* _WORK ITEM_: Scan the records below for the line with "No Prob-Llama Keychain (Front)" and the line with "Ultra MAGA Messy", and retype that range exactly, both ends included, pictures excepted.

* _SUPPLIED RECORDS_:
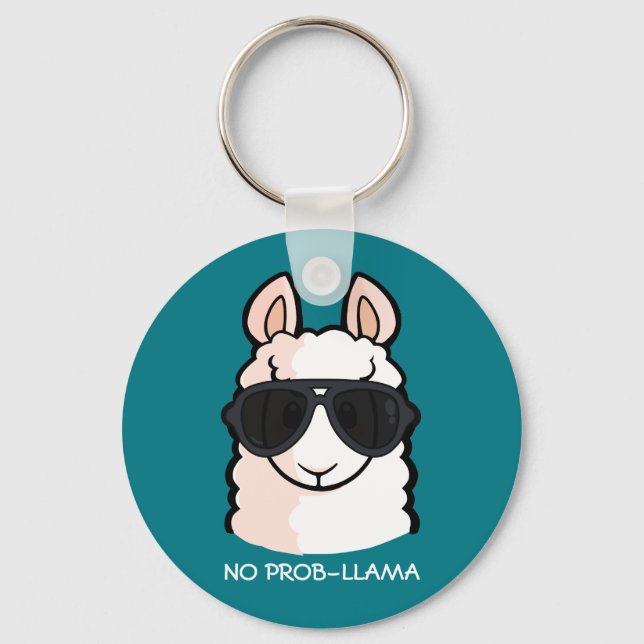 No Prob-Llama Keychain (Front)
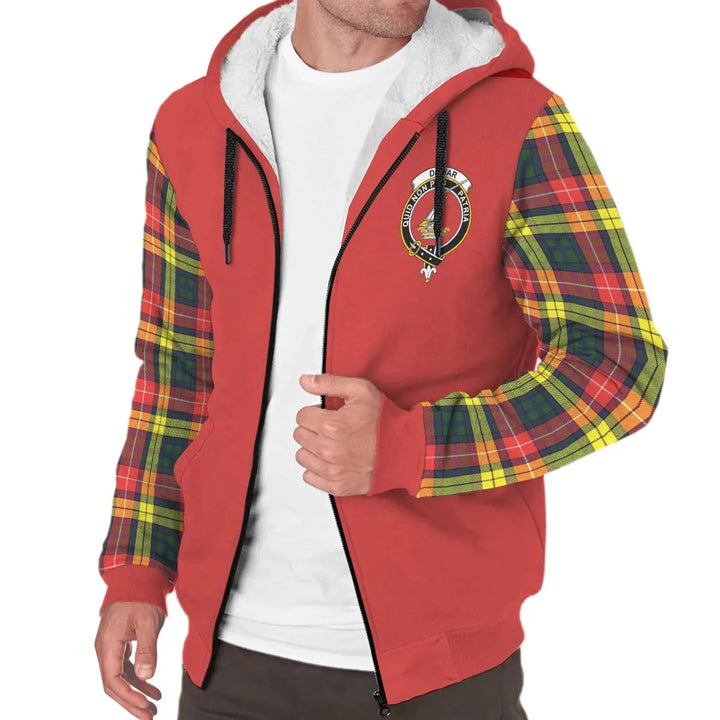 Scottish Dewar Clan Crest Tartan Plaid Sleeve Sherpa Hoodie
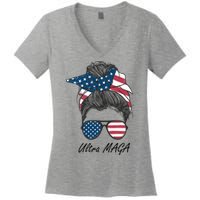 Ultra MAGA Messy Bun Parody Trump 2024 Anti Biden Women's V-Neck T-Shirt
--
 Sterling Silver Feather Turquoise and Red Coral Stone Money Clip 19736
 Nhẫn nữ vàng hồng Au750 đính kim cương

* _TASK SOLUTION_:
 No Prob-Llama Keychain (Front)
 Scottish Dewar Clan Crest Tartan Plaid Sleeve Sherpa Hoodie
 Ultra MAGA Messy Bun Parody Trump 2024 Anti Biden Women's V-Neck T-Shirt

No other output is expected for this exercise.